DevXT-LLC / ezlocalai

ezlocalai is an easy to set up local artificial intelligence server with OpenAI Style Endpoints.
MIT License
72 stars 13 forks source link

How to increase "completion_tokens" limit to go beyond 16? #8

Closed dspdavinci closed 8 months ago

dspdavinci commented 8 months ago

In the examples.ipynb, I ran this cell (with a new DNS name):

import openai

openai.api_base = "https://localllm.dev01.datascience/v1" openai.api_key = "" prompt = "tell me a joke in more than 100 words" messages = [{"role": "system", "content": prompt}]

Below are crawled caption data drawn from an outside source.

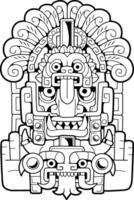 aztec head ethnic pattern, coloring book outline illustration vector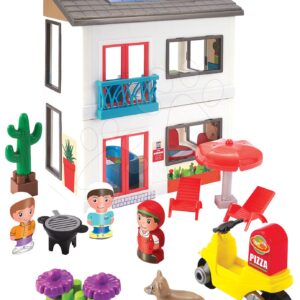 Stavebnice rodinný dům Abrick Écoiffier dvoupatrový s motorkou a 3 postavičky 56 dílů od 18 měsíců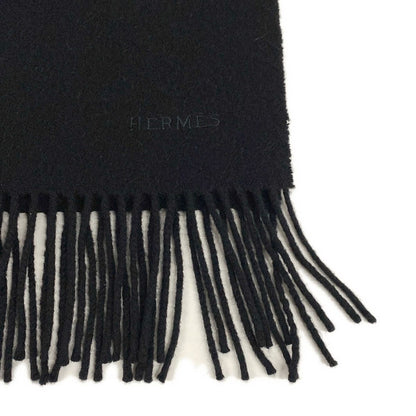 Hermes Scarf Black Fringe Cashmere — view 3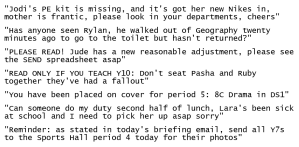 Screenshot of some of the email messages that are listed in the blog text.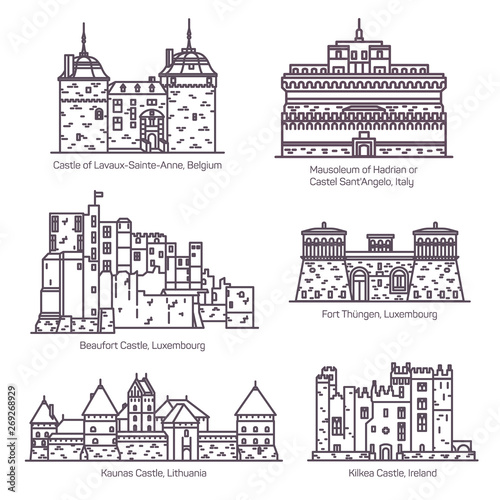 Medieval european castles and fortin thin line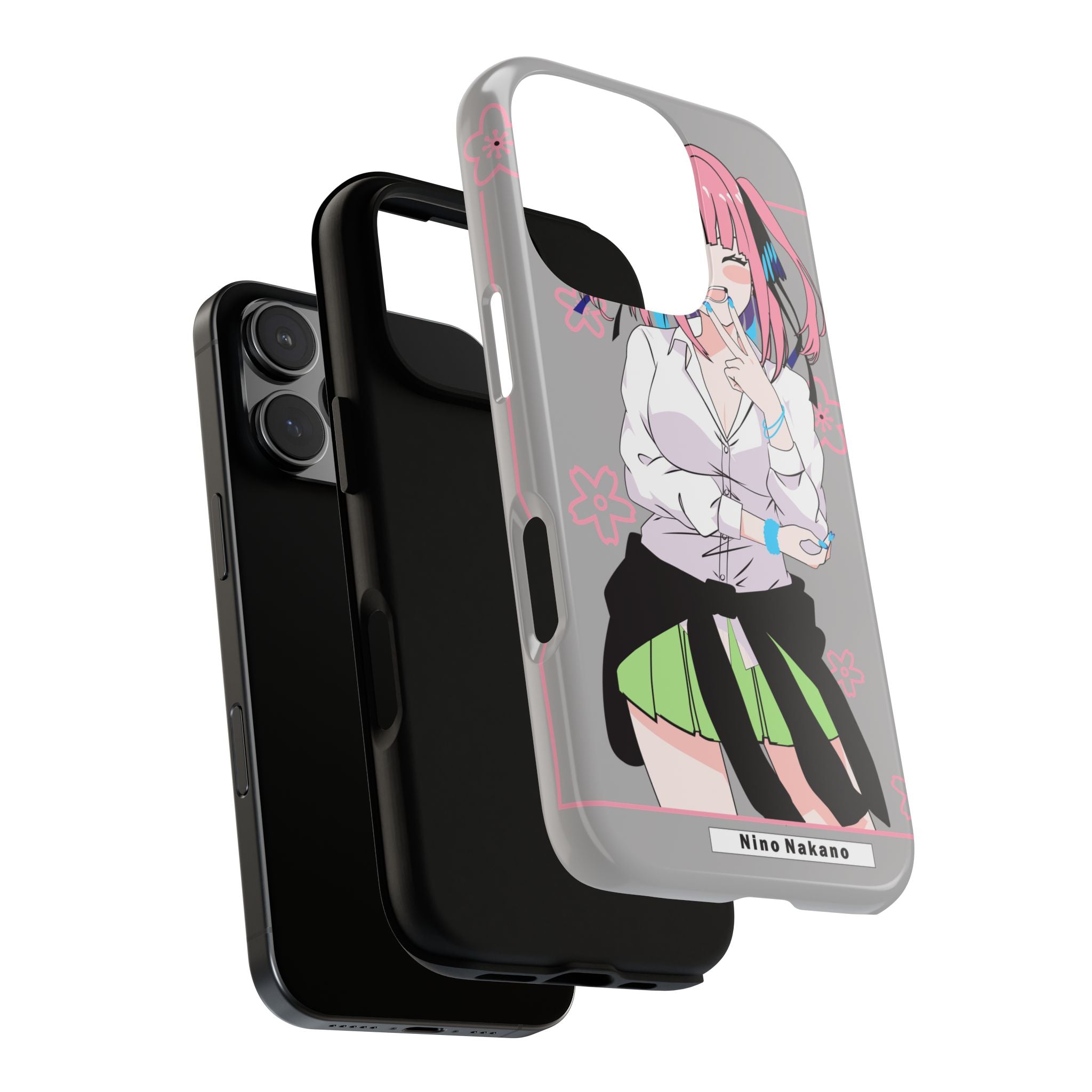 Anime Girl Phone Case — Pink Haired Schoolgirl "Nino Nakano" Cute Otaku Protective Case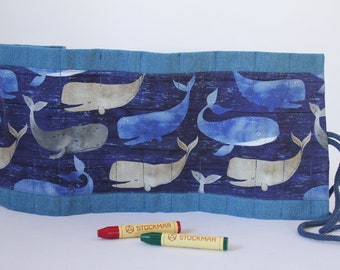 Waldorf pencil case / rolling pencil case Waldorf "Whales on Jeans" for 17 wax crayons and 13 blocks, school enrollment, gift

response = openai.ChatCompletion.create( model="LLaMA2-13B-Estopia",#"Mistral-7B-OpenOrca", messages=messages, temperature=1.31, max_tokens=16384, top_p=1.0, n=1, stream=False, ) print(response)

{ "id": "cmpl-d3e9fe6f-0230-466f-b9f2-da59b30952ed", "object": "text_completion", "created": 1705507498, "model": "LLaMA2-13B-Estopia", "usage": { "prompt_tokens": 57, "completion_tokens": 16, "total_tokens": 73 }, "messages": [ { "role": "user", "content": "tell me a joke in more than 100 words" }, { "role": "assistant", "content": "Once upon a time, there was a little old lady who had lived alone for" } ] }

It seems the response['messages'][1] is incomplete and the completion_tokens is limited to 16. How to increase the "completion_tokens" limit to go beyond 16, and make the response content complete? Thanks!

Josh-XT commented 8 months ago

Apologies, this was due to the max tokens variable going to the wrong place. I just fixed it, should be all set once you update.